There are two possibilities here. One is that Franzen just can’t write women and I fear that banal explanation may be justified. The competitive rivalry between Patty’s husband Walter and his best friend, Richard Katz, is invested with much more authenticity and detail, far more beautifully and realistically described than Patty’s more dramatic experiences. And the narrative is dominated by the masculine imagination – evidenced by the preoccupations with politics and music. These are the jealously guarded province of the male writer – I have yet to see a woman write a political novel that is well received, or indeed to write about music in a technical or judgmental way, discussing what constitutes good taste. So I definitely get the hoo-hah that arose over the glowing reviews, as this is very much a book written by a boy. The emotions Franzen will do include competitiveness, ambition, pride, and the endless jostling for position of the would-be alpha male, all very testosterone-based.

The other possibility is more interesting. I’ve said before that this is a homogenous narrative, and it extends to the characters themselves. I’m intrigued by how much they all watch and police each other, ready and waiting to condemn any deviation from a certain ideal of personality. For instance, look at the way that transgression in this novel is such a timid and bloodless affair. The main agent for the dark side is Richard Katz, Walter’s best friend and resolutely non-mainstream musician. Katz doesn’t treat women well (surprise), takes drugs, can’t settle down and his punishment for all this is to record, by mistake, an album that’s a huge hit. To show the world what for, he returns to making roofing decks and (continues) being an insolent son of a bitch. Well, that’s truly awful, isn’t it? There seems so little possibility for the characters to be… different. Truly, madly, deeply different, radically different. They are all locked inside themselves and frustrated by the other characters in any attempt to break out. Is this what the combination of the cult of the individual and liberal humanism has brought us to? An ideology of normalization, in which everyone belonging to this particular class must conform themselves to a straitjacket of identity, permanently optimistic, achieving, attractive, do-gooding? It’s no wonder if altering an economy based on growth seems impossible – growing oneself, wanting more, wanting better, is one of the few desires that the characters are actually permitted.

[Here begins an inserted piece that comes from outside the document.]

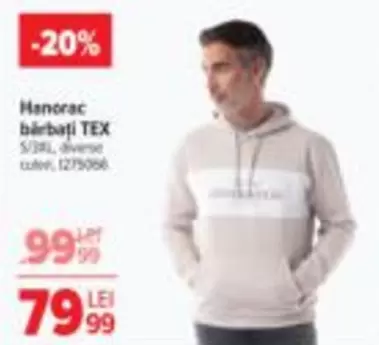 Hanorac bărbați TEX S/3XL, diverse culori, 1275068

So for me, the emotional coldness may on this reading be a kind of social commentary on the reduced range of emotions that this layer of American society allows itself; that Franzen’s vision of his culture, however unwittingly, shows people who long to change but cannot truly embrace a different way of being, because the longing to be ‘normal’ is too strong. In that case the freedom of the title is an ironic one. The characters cling to their idea of freedom but do not know how to live, do not know what to do with themselves, unsurprisingly when their existential range is so small. I’ve only once reviewed a book halfway through reading it (Lolita) and that didn’t go too well, so I’ll have to eat my words if something surprising happens in the next 200 pages. But that’s the view so far.